Your goal. Look for the line that has "جنود اسرائيليون يعتقلون" in the material below; please repeat it and every line after it, exactly, up to and including the line that has "นั่งดิ่มชิลๆ ถ่ายรูปออกมาสวย ที่กรุงเทพ", and nothing else.

Dataset records.
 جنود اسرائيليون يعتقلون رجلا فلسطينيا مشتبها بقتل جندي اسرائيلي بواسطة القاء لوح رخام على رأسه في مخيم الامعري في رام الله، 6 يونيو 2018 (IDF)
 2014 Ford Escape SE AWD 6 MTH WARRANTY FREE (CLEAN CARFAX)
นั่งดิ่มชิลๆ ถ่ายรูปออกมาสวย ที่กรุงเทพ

--

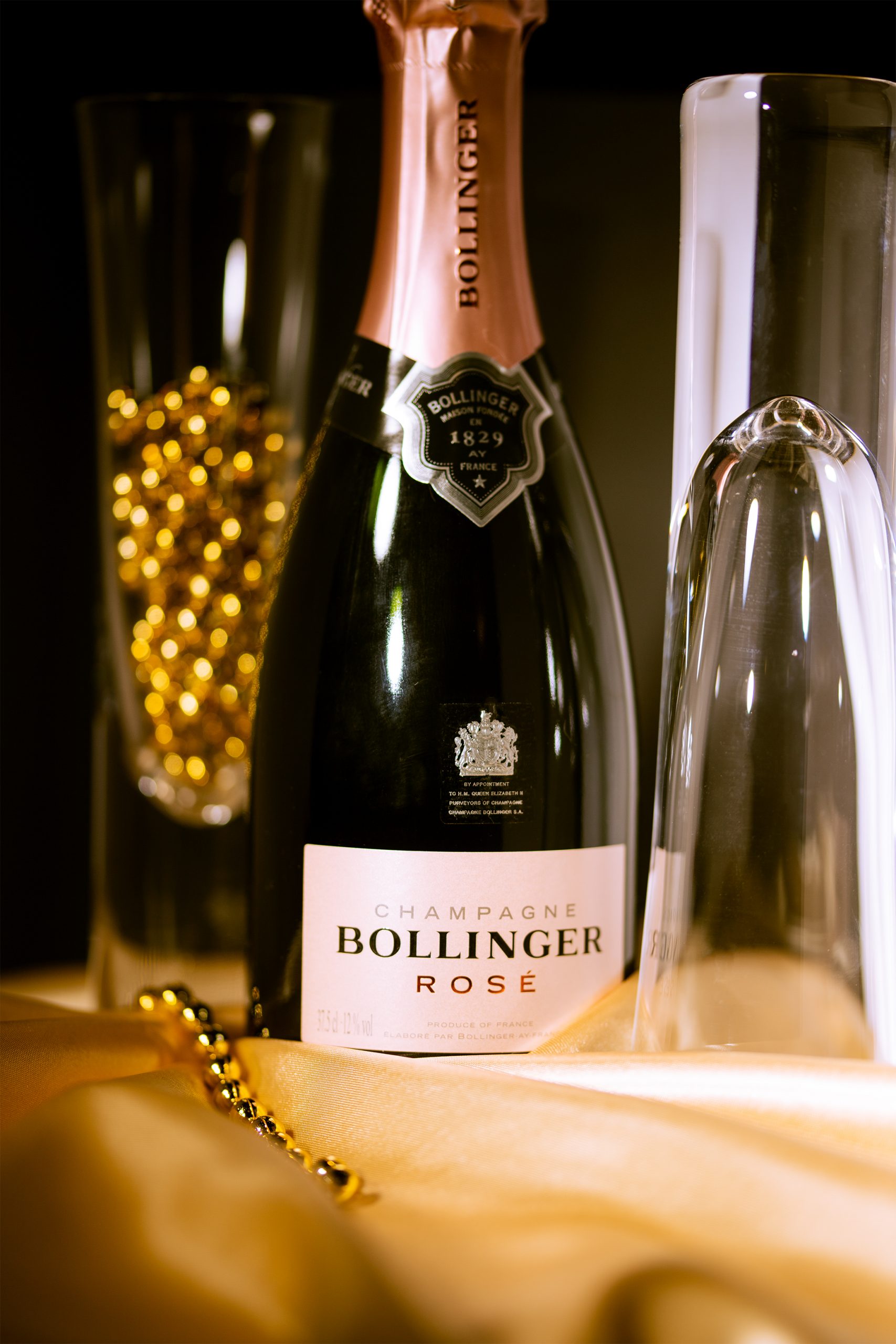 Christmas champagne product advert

==

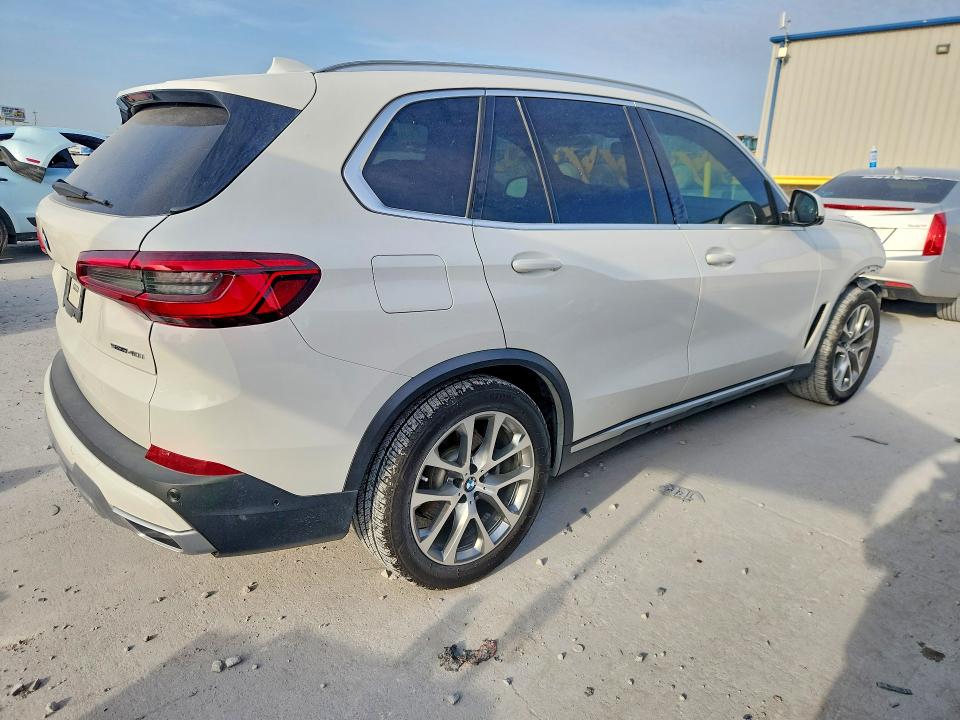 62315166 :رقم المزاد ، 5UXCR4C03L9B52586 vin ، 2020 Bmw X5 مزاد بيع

Response below.
 جنود اسرائيليون يعتقلون رجلا فلسطينيا مشتبها بقتل جندي اسرائيلي بواسطة القاء لوح رخام على رأسه في مخيم الامعري في رام الله، 6 يونيو 2018 (IDF)
 2014 Ford Escape SE AWD 6 MTH WARRANTY FREE (CLEAN CARFAX)
นั่งดิ่มชิลๆ ถ่ายรูปออกมาสวย ที่กรุงเทพ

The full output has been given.